Content starts

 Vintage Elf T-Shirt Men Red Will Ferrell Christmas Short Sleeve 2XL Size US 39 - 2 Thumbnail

Content ends
Content starts

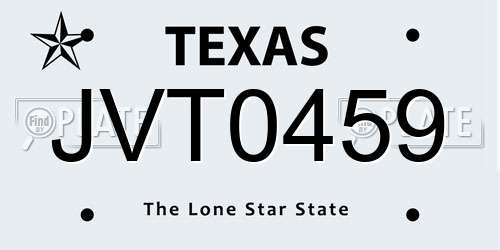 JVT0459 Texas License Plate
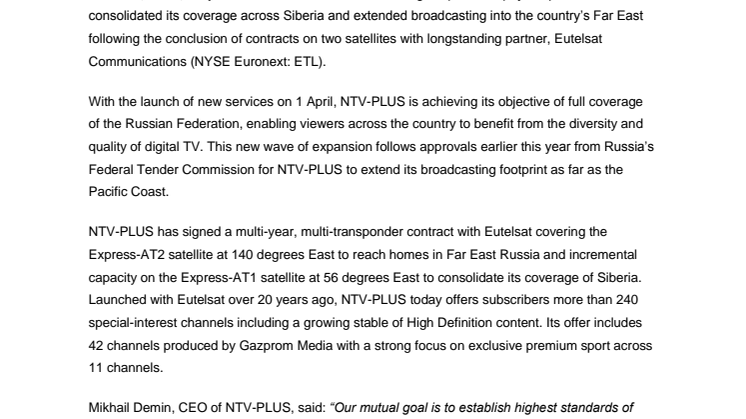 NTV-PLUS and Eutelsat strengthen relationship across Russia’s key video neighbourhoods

Content ends
Content starts

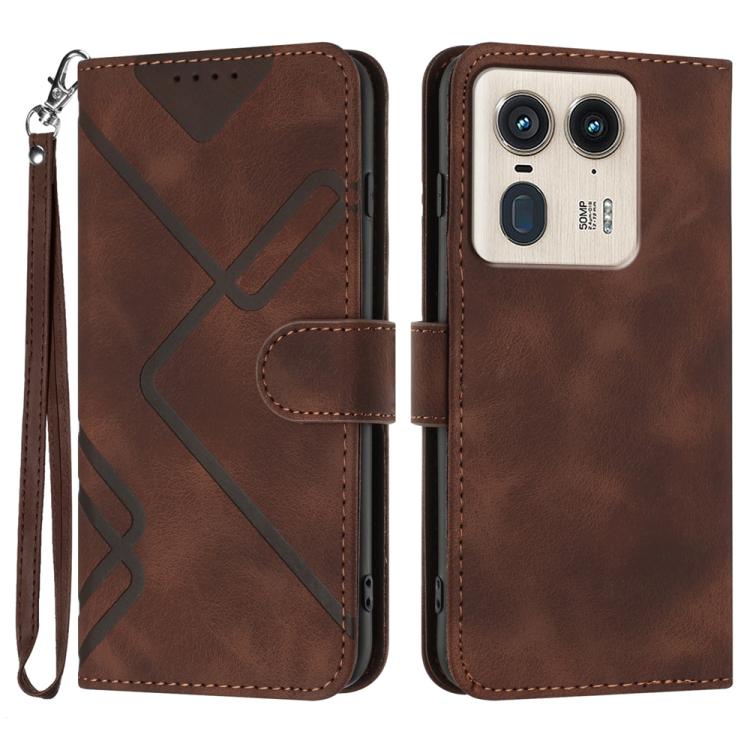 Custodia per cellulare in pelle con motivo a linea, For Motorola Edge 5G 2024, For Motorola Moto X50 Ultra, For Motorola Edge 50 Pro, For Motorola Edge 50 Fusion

Content ends

== YOUR INSTRUCTIONS ==
From the records above, transcribe only the stretch from the line with "JVT0459 Texas License Plate" through the line with "NTV-PLUS and Eutelsat", keeping both ends. Omit pictures.

== COMPLETED EXERCISE ==
 JVT0459 Texas License Plate
 NTV-PLUS and Eutelsat strengthen relationship across Russia’s key video neighbourhoods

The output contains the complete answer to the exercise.